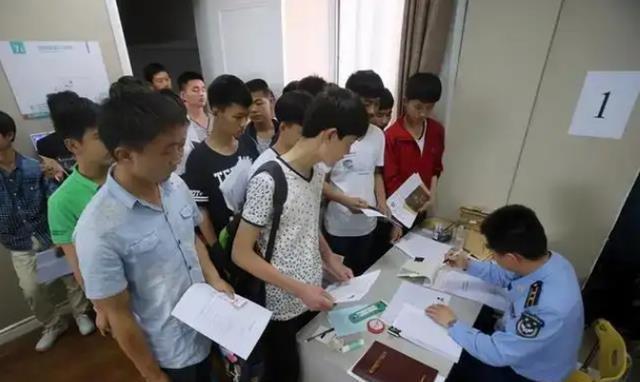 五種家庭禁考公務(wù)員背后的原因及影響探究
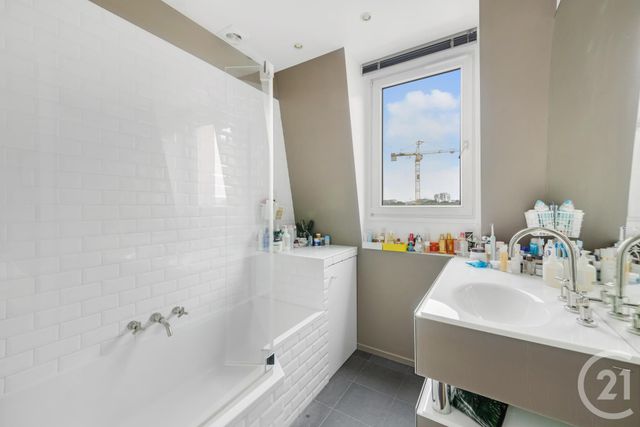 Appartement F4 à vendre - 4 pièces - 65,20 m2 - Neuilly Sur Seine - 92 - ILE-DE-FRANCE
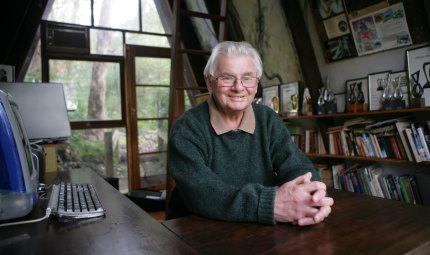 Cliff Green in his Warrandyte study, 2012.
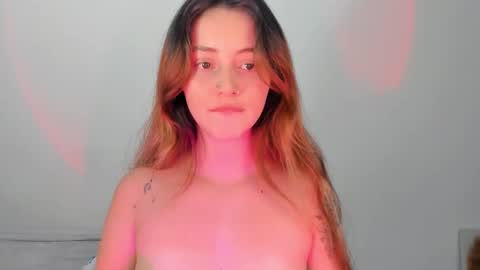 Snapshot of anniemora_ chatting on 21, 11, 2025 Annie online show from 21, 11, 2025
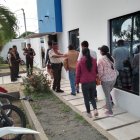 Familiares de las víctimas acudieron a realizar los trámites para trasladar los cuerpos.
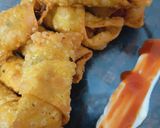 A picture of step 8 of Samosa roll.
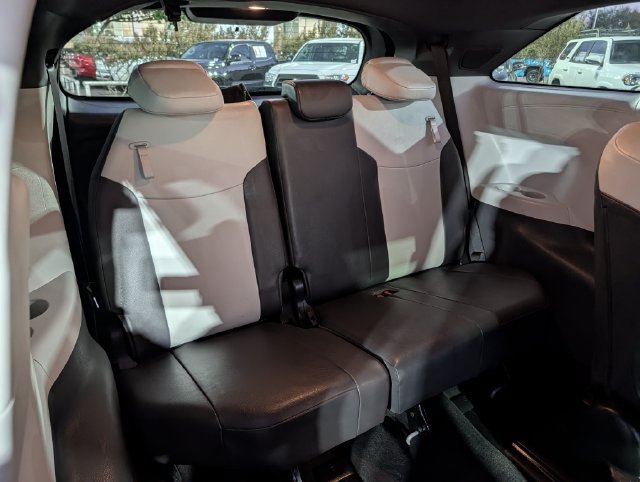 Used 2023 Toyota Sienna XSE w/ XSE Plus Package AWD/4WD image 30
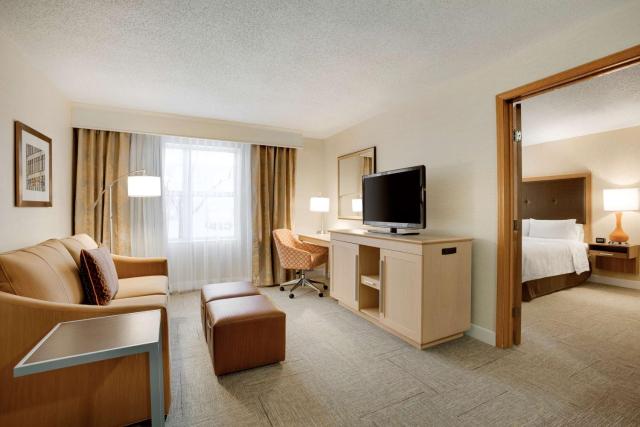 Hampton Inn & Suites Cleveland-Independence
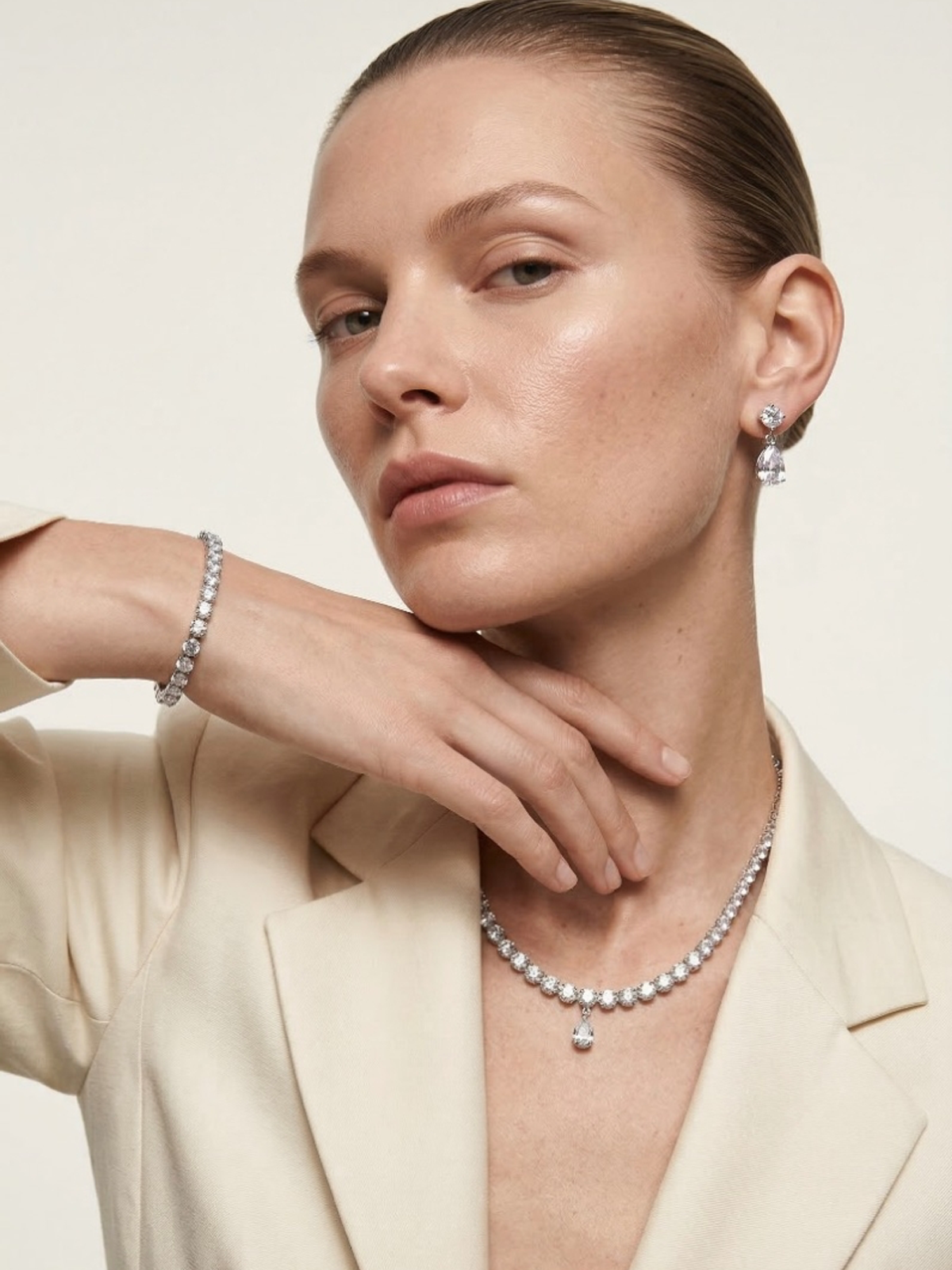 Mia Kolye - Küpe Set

* * * * * * *

The answer consists solely of the lines from the one holding "Appartement F4 à" through the last line of the entries above, set down verbatim, without any pictures.

(Written reply):
 Appartement F4 à vendre - 4 pièces - 65,20 m2 - Neuilly Sur Seine - 92 - ILE-DE-FRANCE
 Cliff Green in his Warrandyte study, 2012.
 Snapshot of anniemora_ chatting on 21, 11, 2025 Annie online show from 21, 11, 2025
 Familiares de las víctimas acudieron a realizar los trámites para trasladar los cuerpos.
 A picture of step 8 of Samosa roll.
 Used 2023 Toyota Sienna XSE w/ XSE Plus Package AWD/4WD image 30
 Hampton Inn & Suites Cleveland-Independence
 Mia Kolye - Küpe Set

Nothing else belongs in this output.